# [What you need to do]
All records below are to be repeated exactly, with the pictures left out.

──────── Provided information

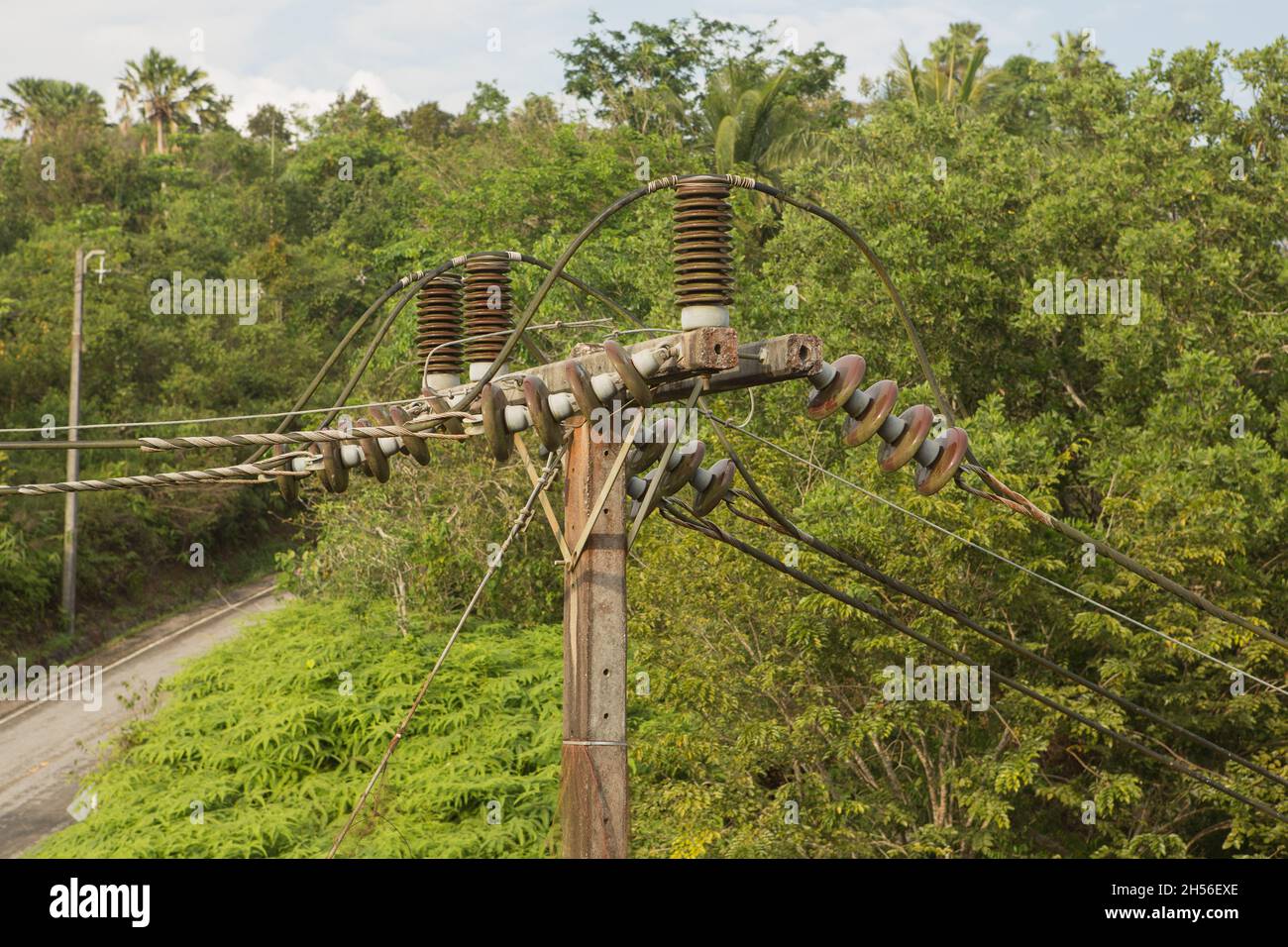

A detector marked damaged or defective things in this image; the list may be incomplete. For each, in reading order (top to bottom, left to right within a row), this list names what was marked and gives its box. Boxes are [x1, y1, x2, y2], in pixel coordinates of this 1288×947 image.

rusty metal fitting [674, 178, 733, 329]
rusty metal fitting [414, 273, 464, 392]
rusty metal fitting [462, 260, 511, 380]
rusty metal fitting [801, 353, 864, 420]
rusty metal fitting [836, 378, 900, 450]
rusty metal fitting [876, 404, 927, 474]
rusty metal fitting [912, 424, 963, 491]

────────────────

# [Output of the task]
A detector marked damaged or defective things in this image; the list may be incomplete. For each, in reading order (top to bottom, left to right within a row), this list names what was marked and gives its box. Boxes are [x1, y1, x2, y2], in pixel coordinates of this 1288×947 image.

rusty metal fitting [674, 178, 733, 329]
rusty metal fitting [414, 273, 464, 392]
rusty metal fitting [462, 260, 511, 380]
rusty metal fitting [801, 353, 864, 420]
rusty metal fitting [836, 378, 900, 450]
rusty metal fitting [876, 404, 927, 474]
rusty metal fitting [912, 424, 963, 491]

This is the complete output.